Lemoncello is one of those records that has a binding sound all the way whilst boasting an incredible range of tones, moods, and textures within each individual song…an ethereal, harmonious, ever-shifting sheen of a topcoat gliding across a tense, grinding underbelly of distortion and vibration.
On Hex, Jon McKiel absorbs and repurposes a whole host of genres, but the overall sound – a trippy, fuzzy-edged pop – is strangely consistent, while the songs come from the realm of dreams, their edges softened by sleep but their message sharp and bright.
On her long awaited third solo album Wanderer, Ruth Moody’s striking vocals sketch out true life moments with a warm intimacy that stays with you long after the album’s end.

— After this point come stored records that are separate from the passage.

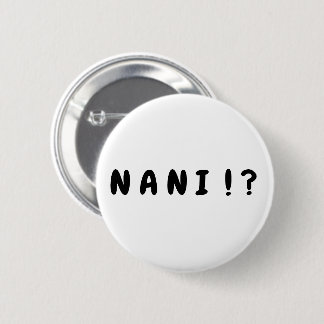 "Nani!?" Knopf Button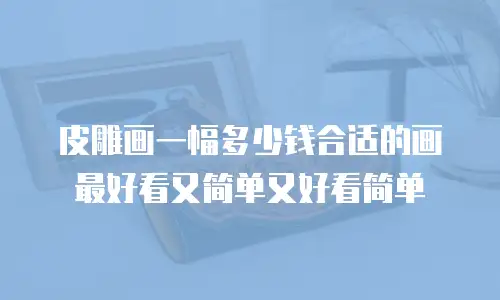 皮雕画一幅多少钱合适的画最好看又简单又好看简单
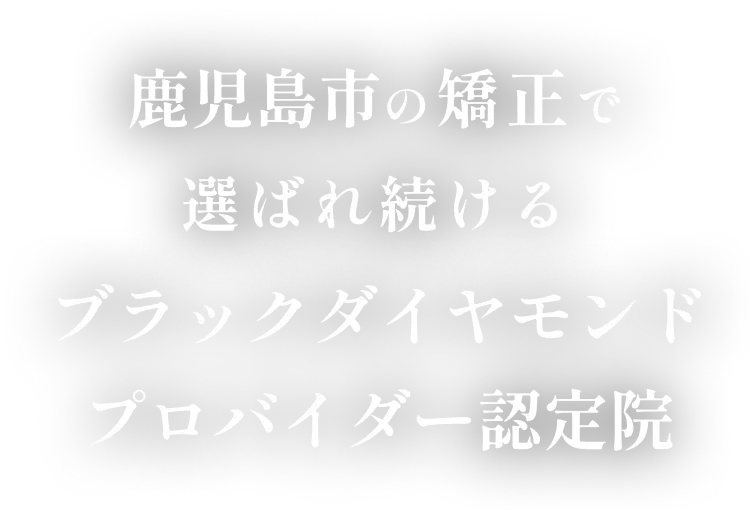 鹿児島市の矯正で選ばれ続けるブラックダイヤモンドプロバイダー認定院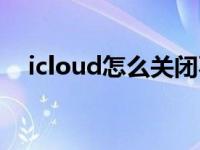 icloud怎么关闭不了（icloud怎么关闭）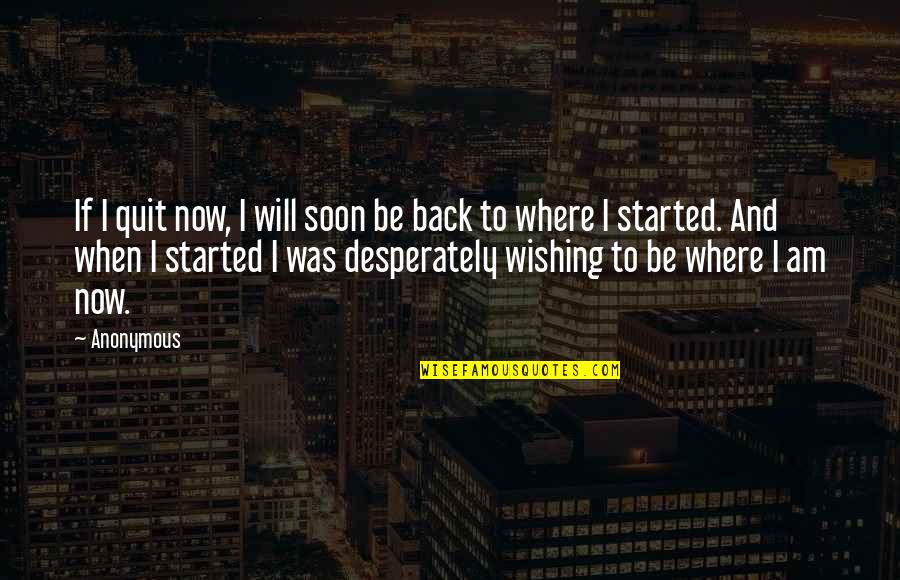 Where To Now Quotes By Anonymous: If I quit now, I will soon be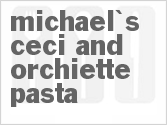 recipe for michael's ceci and orchiette pasta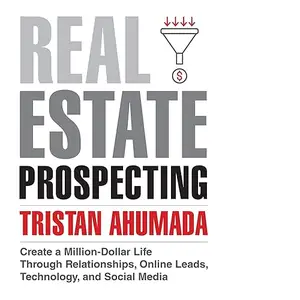 Real Estate Prospecting: Create a Million-Dollar Life Through Relationships, Online Leads, Technology, Social Media [Audiobook]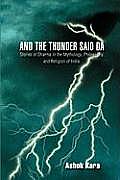 And the Thunder Said DA: Stories of Dharma in the Mythology, Philosophy, and Religion of India.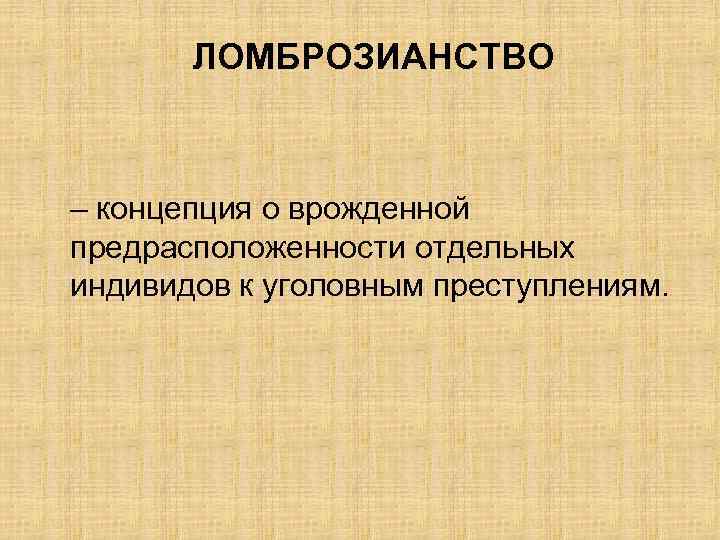 ЛОМБРОЗИАНСТВО – концепция о врожденной предрасположенности отдельных индивидов к уголовным преступлениям. 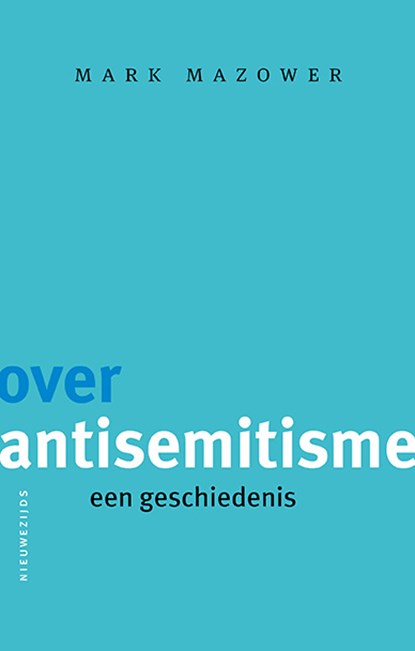 Over antisemitisme, Mark Mazower - Paperback - 9789057126086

Convention has never been a preoccupation of either Jennifer Walshe or Tony Conrad, and In the Merry Month of May is unusual even by the standards of contemporary experimental music. It works as a showcase for two genuine greats improvising with fearless abandon.
Quintela is the debut album of Galician piper, teacher, composer and improviser Carme López. Building a nuanced world from minimal organic ingredients, it exists within and beyond the Galician piping tradition – reimagined through contemporary, avant-garde and feminist lenses.
Myriam Gendron’s art, for all its surface simplicity, harbours a wealth of emotional and aesthetic complexities which, when taken together, form a wholly unique sound. Mayday is the most moving and persuasive example of that sound to date.
Soundway return with another great compilation, Ghana Special 2: Electronic Highlife & Afro Sounds In The Diaspora, shining the spotlight on the innovative and creative Ghanaian burger highlife of the 80s.